From DailyTech: Two of the smartphone market's biggest powers met this week to discuss processors. UK-based ARM Holdings plc (LON:ARM), an architecture company whose titular instruction set is found in 95 percent of smartphones sold today, traveled to South Korea, the home turf of Android phonemaker South Korea's Samsung Electronics Comp., Ltd. (KSC:005930). Samsung accounted for over 30 percent of global smartphone shipments in Q3 -- nearly three times more than any other OEM.

Samsung and ARM met to discuss the adoption of ARM's new ARMv8 64-bit instruction set, which Samsung's upcoming Exynos 6 processors for next year's Galaxy S5 is expected to use. Antonio Viana, ARM’s executive vice president of commercial and global development, met with senior Samsung executives to talk about the roadmap to 64-bit and beyond.

An unnamed senior manager at ARM with knowledge of the meeting suggested 128-bit chips might also have been discussed. While PC CPUs have yet to hit 128-bit, The Korea Herald quotes the senior ARM executive as saying there was a "possibility" that ARM would release a 128-bit instruction set in the next two years and push for smartphone/tablet adoption. But the Korean publication says the ARM official said these plans were only a "possibility" and not a definite plan at present.

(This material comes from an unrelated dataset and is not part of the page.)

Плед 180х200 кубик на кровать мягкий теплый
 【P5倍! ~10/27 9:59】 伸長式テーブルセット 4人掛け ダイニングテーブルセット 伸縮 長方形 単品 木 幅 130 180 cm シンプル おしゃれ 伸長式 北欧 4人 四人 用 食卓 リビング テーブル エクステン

The official is quoted as suggesting that smartphones soon may have more than 4 GB of memory and need 64-bit processors to address their memory. The source stated, "As technology moves from, for example, shifting to face recognition on smartphones from the fingerprint scanner to unlock an iPhone, it requires more powerful memory capacity."

It also appears that ARM is incentivizing the transition to 64-bit ARM chips in the mobile market, in part, to fuel its server ambitions, as well as its PC push.

While 64-bit chips offer some gains in graphics and I/O addition to the aforementioned memory addressing gains, processing is generally otherwise unaffected. However, ARM is purposefully tilting the playing field in 64-bit's flavor by designing its new instruction sets -- which allow more registers -- to only work for 64-bit chips. 32-bit chips will be forced to use the older, less optimized ARMv7. In other words, ARM is telling mobile chipmakers to make the switch or settle with last generation instruction sets.